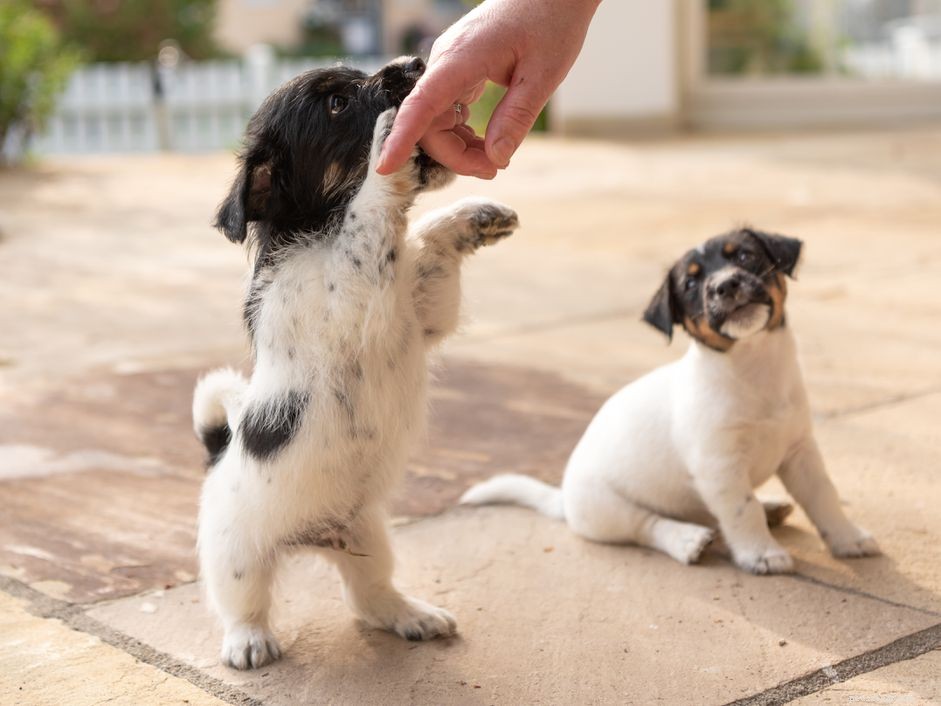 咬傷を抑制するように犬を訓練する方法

*****

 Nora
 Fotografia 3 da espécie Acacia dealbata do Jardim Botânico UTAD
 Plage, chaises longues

*****

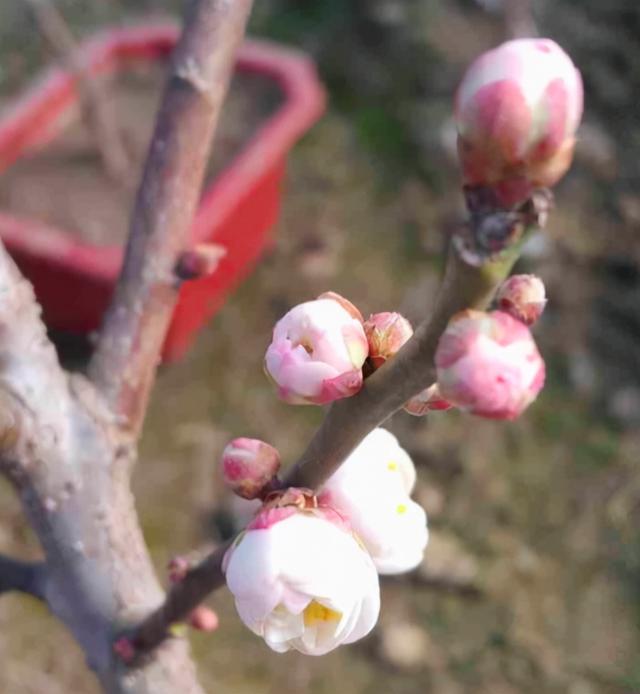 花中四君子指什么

*****

▸ **Exercise**
In the listing above, find the line with "Fotografia 3 da" and the line with "Plage, chaises longues", then print exactly those lines and every line between them.

▸ **Solution to this task**
 Fotografia 3 da espécie Acacia dealbata do Jardim Botânico UTAD
 Plage, chaises longues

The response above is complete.